Introducing levies beyond the proposed GST law, or increasing these beyond reasonable limits, would defeat the economic benefit of an integrated Value-added tax (VAT) regime. The fineprint of the model GST law shows that credit is not allowed in respect of all taxes paid under the model GST law. So, increasing such taxes would only increase the cost of goods or services available to ultimate consumers.
Chief Economic Advisor Arvind Subramanian’s views were echoed in Parliament when various MPs agreed that a high GST would effectively negate any benefit of the GST. This, in turn, would adversely affect startups that may not be able to absorb the burden of a high tax. For instance, the equalisation levy that is purportedly a tax on services received is enforced through the Finance Act and effectively denies the benefit of any credit under the model GST law or the existing Central VAT (Cenvat) credit Rules.
High consumption taxes incurred by startups and e-commerce entities will create a cascading effect and may deter consumers. India’s goods and services market is price-sensitive, quite elastic and without taking these factors into consideration, levy of high taxes can have an adverse impact of the India’s startup and e-commerce entities.
It is important that in an effort to raise revenue from a growing economy, taxes to be levied by the central and state governments are rationalised and all consumption taxes are subsumed in GST. Few things can be a dampener as finding in a post-GST regime remnants of a legacy tax regime that includes levies such as octroi, local cess and other local taxes. The government should also avoid taxing through the Finance Act. Such measures would defeat the economic and commercial objective behind a GST.
India’s taxation powers are shared between the Union government and state governments, and the Amendment Bill makes changes to these legislative powers. The Bill has deleted certain important legislative entries such as Entry 52 of List 2 (entry tax) and Entry 92C of List 1 (service tax), and amended others such as Entry 54 of List 2 (taxes on sale of petroleum, diesel, alcohol etc.). While the taxation powers of the state have been streamlined, it is imperative that for a GST to be successful, the central government will have to resist levying taxes through its residuary legislative powers in Entry 97 of List 1.
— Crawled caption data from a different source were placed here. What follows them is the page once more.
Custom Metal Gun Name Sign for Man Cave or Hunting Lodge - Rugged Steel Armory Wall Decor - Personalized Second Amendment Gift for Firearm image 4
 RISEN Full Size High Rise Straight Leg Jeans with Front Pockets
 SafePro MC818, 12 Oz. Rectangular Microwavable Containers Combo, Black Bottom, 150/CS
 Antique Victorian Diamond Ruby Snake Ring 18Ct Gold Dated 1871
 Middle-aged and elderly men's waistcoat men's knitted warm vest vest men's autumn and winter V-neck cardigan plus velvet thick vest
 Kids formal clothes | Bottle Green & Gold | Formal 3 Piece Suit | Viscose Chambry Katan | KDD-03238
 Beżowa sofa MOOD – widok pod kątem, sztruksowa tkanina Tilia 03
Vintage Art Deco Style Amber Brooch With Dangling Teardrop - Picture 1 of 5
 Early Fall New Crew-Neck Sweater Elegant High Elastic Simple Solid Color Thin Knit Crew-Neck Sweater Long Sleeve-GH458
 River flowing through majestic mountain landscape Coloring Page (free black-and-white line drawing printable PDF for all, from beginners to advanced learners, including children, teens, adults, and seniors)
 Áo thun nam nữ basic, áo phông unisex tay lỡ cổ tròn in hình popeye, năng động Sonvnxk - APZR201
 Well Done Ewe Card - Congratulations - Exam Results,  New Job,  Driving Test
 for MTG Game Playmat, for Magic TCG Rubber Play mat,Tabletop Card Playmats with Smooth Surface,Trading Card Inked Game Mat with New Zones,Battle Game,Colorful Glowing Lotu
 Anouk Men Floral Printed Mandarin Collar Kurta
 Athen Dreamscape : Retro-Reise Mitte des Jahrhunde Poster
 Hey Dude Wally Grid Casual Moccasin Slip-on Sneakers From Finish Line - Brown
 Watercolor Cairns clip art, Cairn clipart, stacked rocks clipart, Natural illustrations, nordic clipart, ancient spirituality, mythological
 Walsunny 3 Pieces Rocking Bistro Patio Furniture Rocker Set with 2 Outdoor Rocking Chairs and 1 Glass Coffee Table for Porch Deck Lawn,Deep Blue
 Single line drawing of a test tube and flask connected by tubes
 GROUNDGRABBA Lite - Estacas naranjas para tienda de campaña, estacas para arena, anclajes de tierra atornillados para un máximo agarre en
The Amendment Bill and GST may help reduce litigation on traditional dispute areas such as legislative powers of the central and state governments, since substantial taxation powers now vest with the former. However, if these powers are not efficiently exercised, GST may well lead to multiple taxes and more litigation on taxation powers.
For instance, while Entry 52 of List 2, which provides for the levy of entry tax, is deleted, the powers of the state government to impose taxes on goods under Entry 56 remains unaffected. The Amendment Bill has also omitted Entry 92 (taxes on advertisements in newspapers) and Entry 92C (service tax) of List 1.
This is disconcerting as it points to the central government resorting to residuary legislative powers in Entry 97 with more frequency. Entry 97 of List 1, provides for the residuary legislative powers (and plenary at that) of the Union government.
These changes to the legislative powers are crucial and integral to the Amendment Bill. It is important that Union and state legislatures respect these changes and the intent of the changes for the GST law to succeed. As every superhero knows, with great power comes great responsibility. And with great legislative power, comes even greater responsibility.
Continuing with taxes – such as an equalisation levy or a service tax administered via the Finance Act – would defeat the purpose of a centralised value added tax. Although there is no morality in taxation, such taxes would be constitutionally dishonest.
The hard part of a GST law – political consensus and constitutional amendments – is done. What is required now is the practical and commercial administration to ensure that the government doesn’t score an own-goal in raising revenues from GST. It is important that the Union and state governments cooperate. Having a high GST rate would make GST and existing taxes mathematically similar and defeat the purpose of GST.
Keeping the GST simple will also help in cost-effective administration. Ultimately, all of these will help in the government achieving its objective of maximising revenues through indirect taxes.